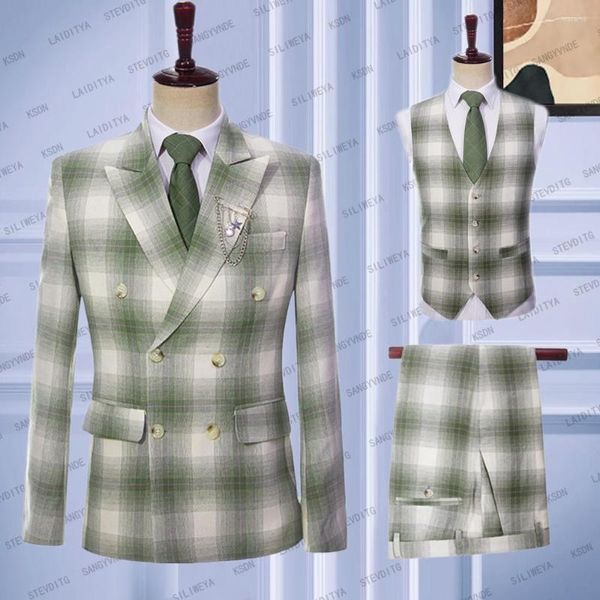 Erkek Suit 2023 Yeşil Ekose Keten Erkekler Üç Parça Set Pantolon Yelek Düğün İş Takımı Lüks İnce Fit Moda Gündelik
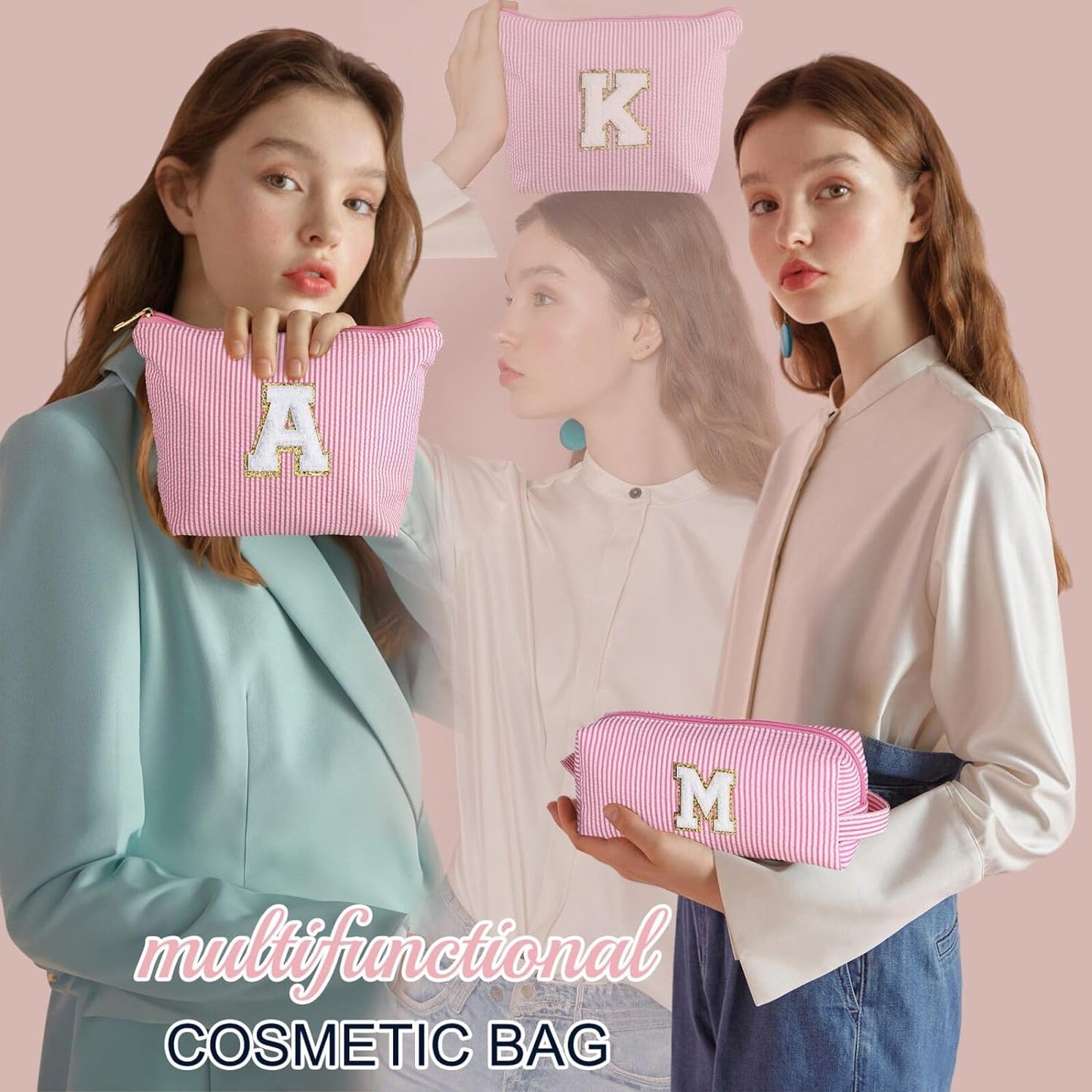 YOOLIFE Birthday Gifts for Girls - Personalized Initial Cute Pink Cosmetic Makeup Bag Pouch Make Up Bags Travel Toiletry Bag for Her Mom Girlfriend Wife Teacher 18th Birthday Gifts for Girls H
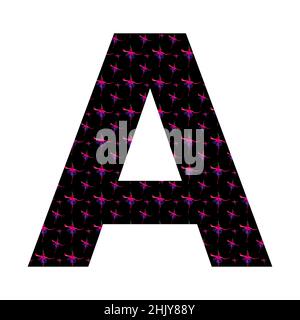 lettre a de l'alphabet avec un motif de fleurs de fuchsia rose sur fond noir, isolé sur fond blanc, vecteur Illustration de Vecteur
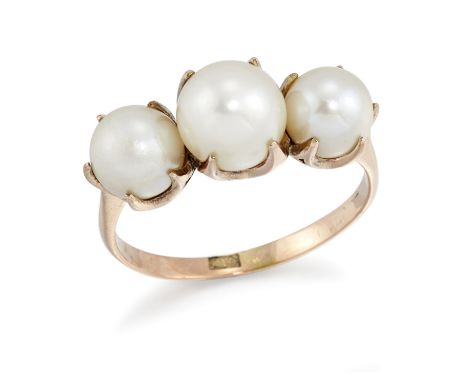 A cultured pearl three stone ring,&nbsp;the claw set graduated cultured pearls to plain hoop, stamped K10, ring size P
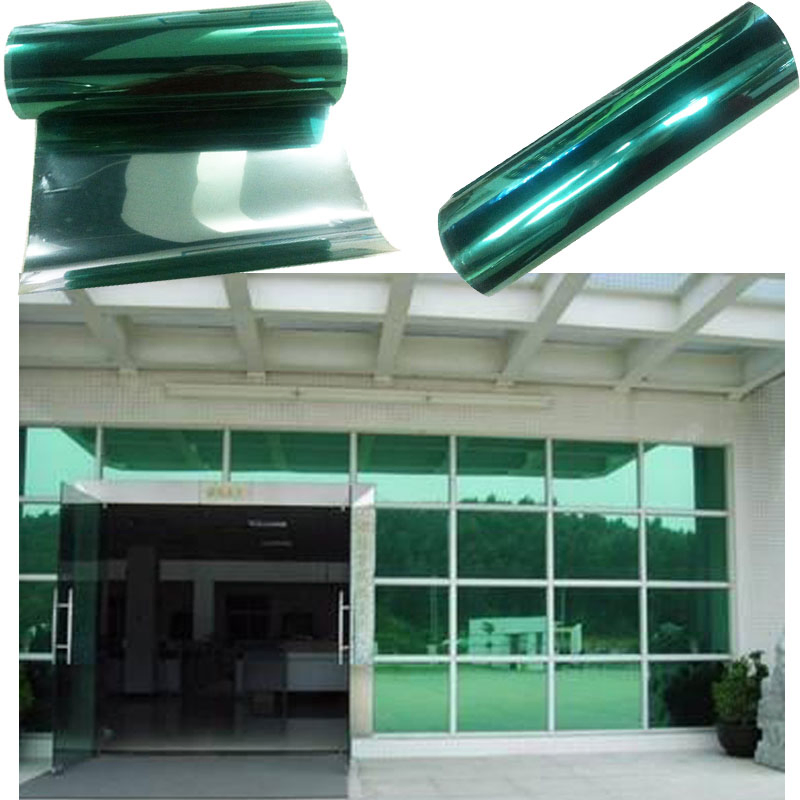 Heat Resistant One Way Vision Glass Reflective Green and Silver Building Window Film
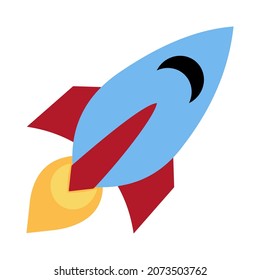 Rocket Emoji Icon Isolated Vector Illustration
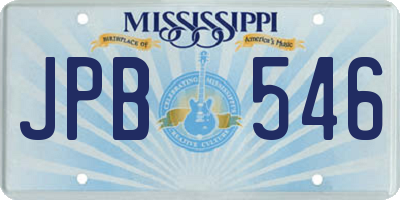 MS license plate JPB546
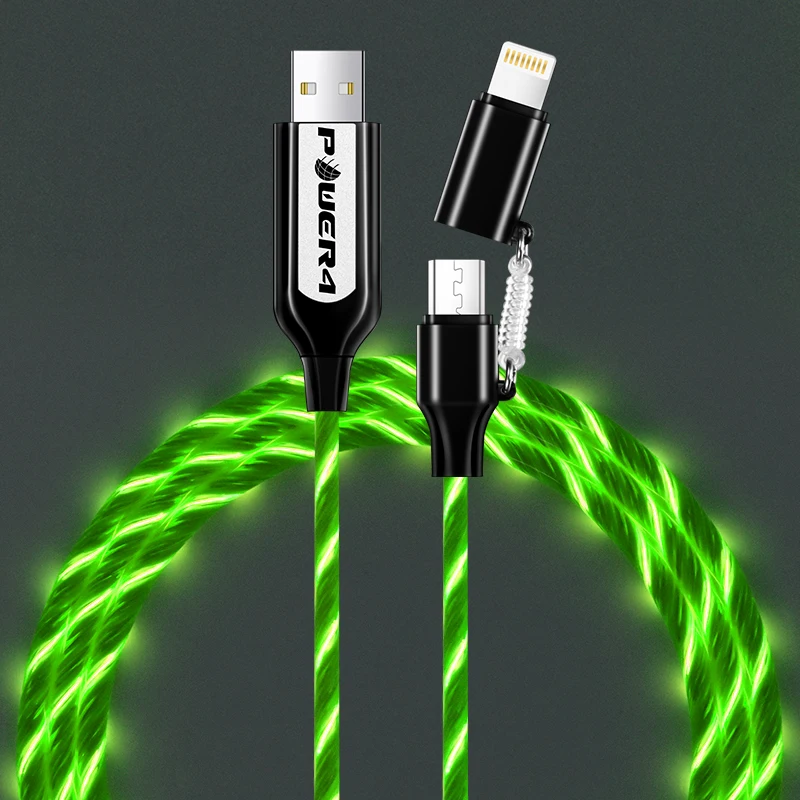 2in1 Glowing Charger Cable Led Light Up Charging Cable El Flowing Usb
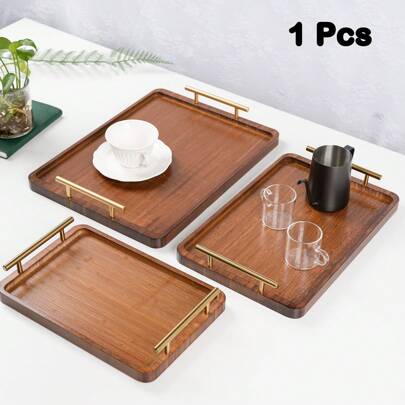 1 件装竹制托盘咖啡桌托盘带手柄适用于厨房台面、客厅 - 返校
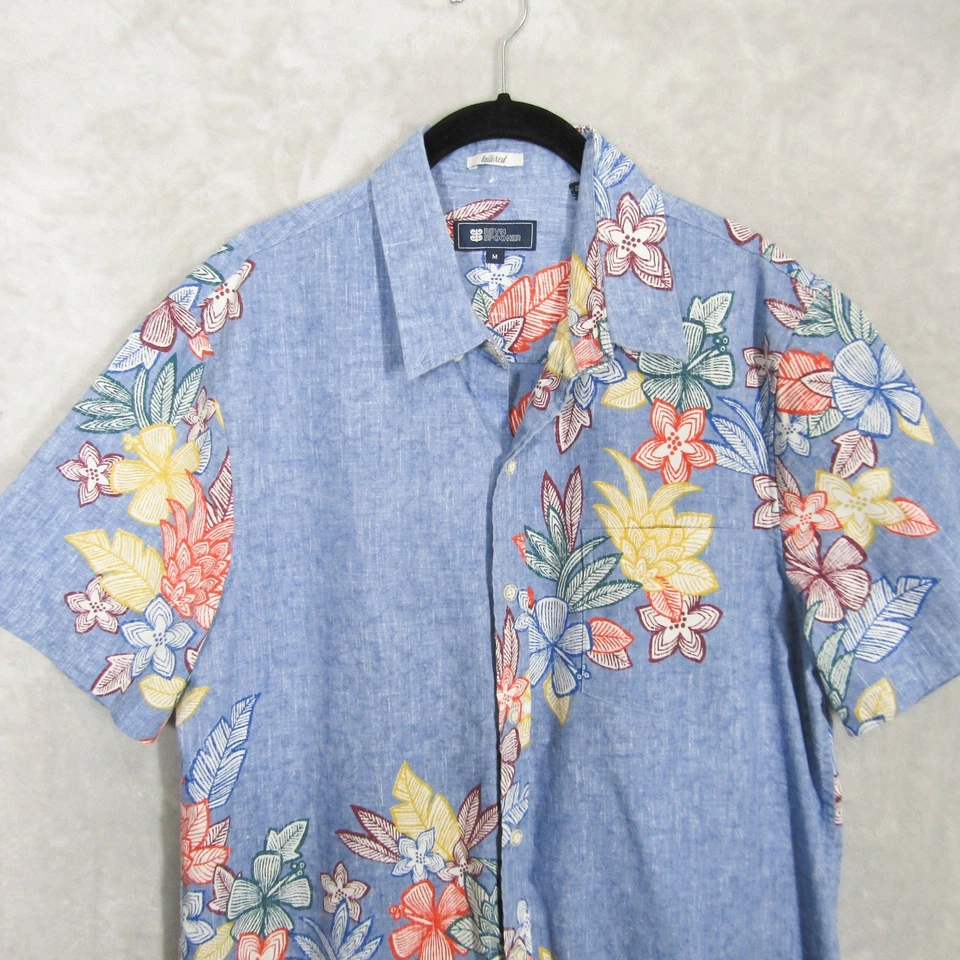 Reyn Spooner Tailored Mens Medium Floral Hawaiian Shirt Blue Aloha - Image 3 of 4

- - - - - - -

• Task directions: Return every record exactly, leaving out the pictures.

• Answer for the task:
 Erkek Suit 2023 Yeşil Ekose Keten Erkekler Üç Parça Set Pantolon Yelek Düğün İş Takımı Lüks İnce Fit Moda Gündelik
 YOOLIFE Birthday Gifts for Girls - Personalized Initial Cute Pink Cosmetic Makeup Bag Pouch Make Up Bags Travel Toiletry Bag for Her Mom Girlfriend Wife Teacher 18th Birthday Gifts for Girls H
 lettre a de l'alphabet avec un motif de fleurs de fuchsia rose sur fond noir, isolé sur fond blanc, vecteur Illustration de Vecteur
 A cultured pearl three stone ring,&nbsp;the claw set graduated cultured pearls to plain hoop, stamped K10, ring size P
 Heat Resistant One Way Vision Glass Reflective Green and Silver Building Window Film
 Rocket Emoji Icon Isolated Vector Illustration
 MS license plate JPB546
 2in1 Glowing Charger Cable Led Light Up Charging Cable El Flowing Usb
 1 件装竹制托盘咖啡桌托盘带手柄适用于厨房台面、客厅 - 返校
 Reyn Spooner Tailored Mens Medium Floral Hawaiian Shirt Blue Aloha - Image 3 of 4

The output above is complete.